J’ai vu ma mère, pour commencer, ma mère ! dans ce monastère perdu dans la montagne, à deux heures de marche de l’Italie, alors qu’elle croupit depuis des années dans le marigot d’une maladie d’Alzheimer qui la confine à mille kilomètres de là entre un fauteuil roulant et un lit — qui, dans un instant, demain, quand je fermerai un moment les yeux pour souffler, la clouera tout à fait au lit et prendra peut-être encore dix ans pour l’achever, sans tenir aucun compte de ma capacité de résistance, alors que voici encore cinq minutes, dix ans, nous riions tant ensemble de la cocasserie de nos conditions, de ces ridicules qu’elle absolvait tous tant était vaste sa bonté.
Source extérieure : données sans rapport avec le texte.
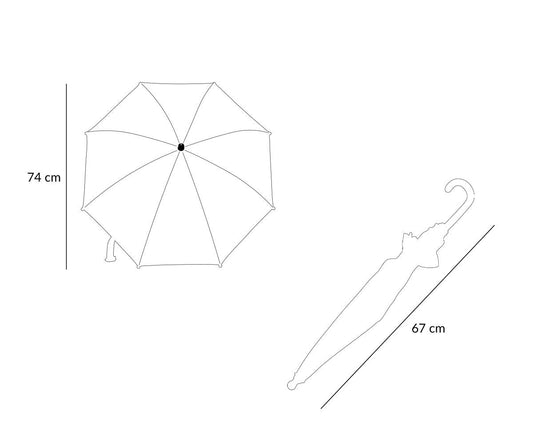 Transparent Car Umbrella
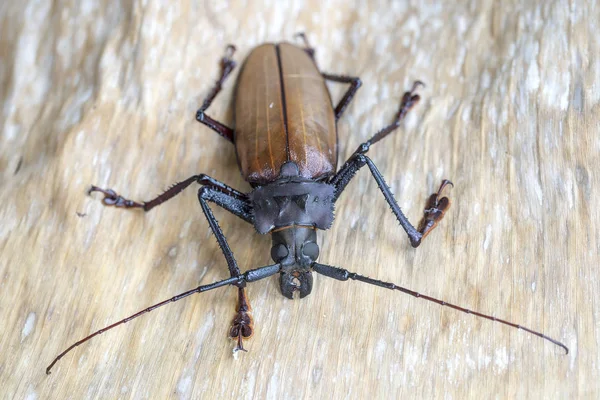 Escarabajo gigante fiyiano de cuerno largo de la isla Koh Phangan, Tailandia. Primer plano, macro. Escarabajo gigante fiyiano de cuernos largos, Xixuthrus héroes es una de las especies de insectos vivos más grandes. — Foto de Stock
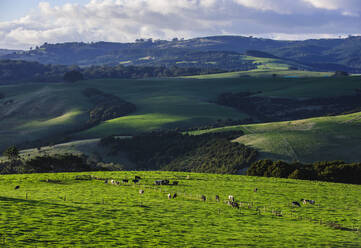 Schöne Landschaften im Hinterland von Northland, Nordinsel, Neuseeland - RUNF02698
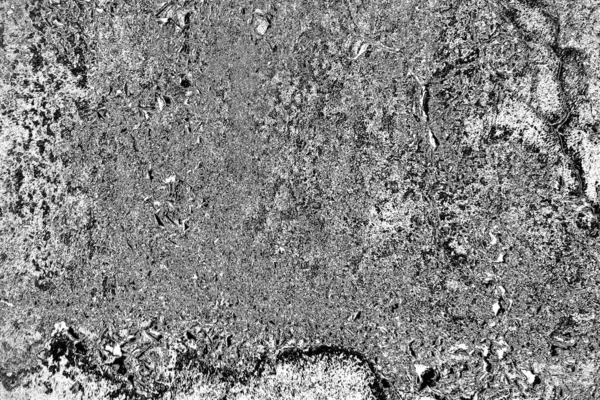 Abstract Grunge Background Black White Textured Backdrop — Stock Photo, Image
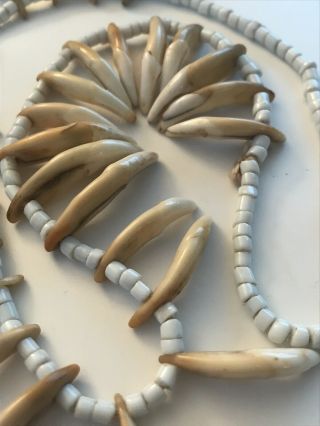 Antique Native American Or Tribal Coyote? Tooth Bone Necklace,  Glass Beads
Ma mère ! là devant moi, à chaque instant, surgissant inopinément de la brume, dès le premier jour, comme si je n’avais pas assez à faire avec ce lieu nouveau, la tâche qui m’y attendait et les rideaux de pluie dans lesquels nous étions empêtrés — dans lesquels nous resterions tous autant que nous étions à nous débattre tout au long de mon séjour, quatre semaines de pluie ininterrompue.
Dès le premier soir, ma mère, sa silhouette au détour d’un couloir, son sourire un instant illuminant le visage d’une autre qui passait par là et qu’on me présentait, son rire dans le jardin — enfin, à chaque instant, horizon unique de mes pensées, ma vie, et aucune larme à retenir puisque aussi bien depuis son entrée dans le marigot je ne parviens pas à en verser une seule.
Assailli d’emblée par la pluie et la mort, j’ai bien senti qu’il n’était pas question de louvoyer, tergiverser ni différer : j’ai pris cela à bras-le-corps qui me tendait les mains, j’ai commencé à remuer ce que j’étais venu remuer sous le regard de ma mère, attentif à ne rien laisser échapper de la venue d’autres fantômes, tant il est parfois aisé de les laisser s’enfuir — un petit moment d’inattention, et ils ont un geste de la main, un mouvement de nuque ou un demi-sourire, et voilà, ils écartent doucement le rideau de la pluie, glissent entre les gouttes, se fondent dans la brume, et nous laissent incertains de nos perceptions, orphelins d’une rencontre, maladroits, inachevés.
Je resterai inachevé jusqu’à la mort effective de ma mère, c’est cela que je n’étais pas venu chercher qui me saisit aux portes du cloître, dont les gouttières dégorgent, cela que je n’aurai pas trop de quatre semaines pour explorer quand je l’ai sous les yeux depuis dix ans, cela insupportable, au cœur de l’écriture depuis le premier livre, au cœur du geste, de la pensée, ma vie, cela : que je préférerais que ma mère fût morte.